At the Poetry Society the stakes are much lower, and nobody has suggested that Mr. Hollander should be stripped of the Frost Medal, which is given for “distinguished lifetime service to American poetry.” Late last year, at the hastily called and poorly attended meeting where the board again discussed him as a finalist for the award, his previous remarks did not come up again.

But when an e-mail message went out to the board announcing that Mr. Hollander had won the vote, Mr. Mosley replied with his own succinct message: “My reaction to this decision is to announce my resignation.”

Mr. Louis-Dreyfus, who immediately assumed that Mr. Mosley was quitting because of objections to Mr. Hollander’s previous comments, wrote a reply to Mr. Mosley that he copied to all members of the board. In an interview, Mr. Louis-Dreyfus said he objected to Mr. Mosley’s resignation because “it seemed to me to be based on an inappropriate reason that didn’t have anything to do with the quality of Hollander’s work, which is what the Frost Medal is given for.”

In an interview Mr. Mosley declined to comment on whether Mr. Hollander’s remarks had influenced his decision. He said he resigned from the Poetry Society because the decision to give the medal to Mr. Hollander “represents a conservative trend on the board that I don’t think is at all inclusive to all the elements of poetry and all the people of poetry.” Since 1941, out of 38 winners of the Frost medal, only three have been nonwhite.

Mr. Louis-Dreyfus, however, focused on what he believed were Mr. Mosley’s motives — namely, protesting Mr. Hollander’s extra-poetic remarks. “It’s as if you have to approve of the man’s politics before you can praise his poetry,” Mr. Louis-Dreyfus said. “I am terrified of McCarthyism in whatever clothes it wears.”

Mr. Mosley described Mr. Louis-Dreyfus’s use of terms like “McCarthyism” as “ridiculous hyperbole.”

Troubled by Mr. Louis-Dreyfus’s tone, Ms. Alexander, Mr. Campo and Ms. Salter wrote their own responses. When Mr. Louis-Dreyfus subsequently accused them of McCarthyism and reactionary behavior, they resigned from the board.

Ms. Alexander declined to comment publicly on the board’s deliberations. But in an e-mailed statement, she wrote: “Mr. Louis-Dreyfus’s persistent mischaracterization of the words and intentions of PSA board members including myself surrounding the awarding of the Frost medal and subsequent private board business is disturbing. I resent his inflammatory invective and willful misstatement of events. My own life’s work is guided by and devoted to principles that are utterly anti-‘reactionary’ and counter to anything that might remotely be deemed ‘McCarthyism.’”

Mr. Campo and Ms. Salter declined to comment on the dispute other than to emphasize that they had not resigned because Mr. Hollander won the Frost Medal. “I resigned because of my displeasure at the way Mr.

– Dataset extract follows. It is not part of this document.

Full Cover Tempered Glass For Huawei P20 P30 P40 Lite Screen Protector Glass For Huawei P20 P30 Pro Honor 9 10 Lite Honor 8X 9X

Louis-Dreyfus dealt with people on the board about their conflicting views on this and other matters,” Ms. Salter wrote in an e-mail message.

Similarly, Mr. Campo wrote in an e-mail message that his resignation “had more to do with how our then-President Mr. Louis-Dreyfus handled the concerns of Board members.”

Mr. Hollander could not be reached for comment.

Ruth Kaplan, who was elected board president on Friday, said that “a central part of the Poetry Society of America’s mission is to represent the rich diversity of voices in American poetry.” She added that the society sponsored programs like Poetry in Motion, which places poems in public transit and gives “voice to poets of all backgrounds,” and an annual Festival of New American Poets, which has introduced 60 poets from different cultures in the last five years.

Mr. Louis-Dreyfus said he regretted the resignations, but said, “I think that new blood is a good thing.” As for his own actions, he said, “I have no regrets, just as I would have none if I’d lived in McCarthy’s days and had not succumbed to that particular hysteria.”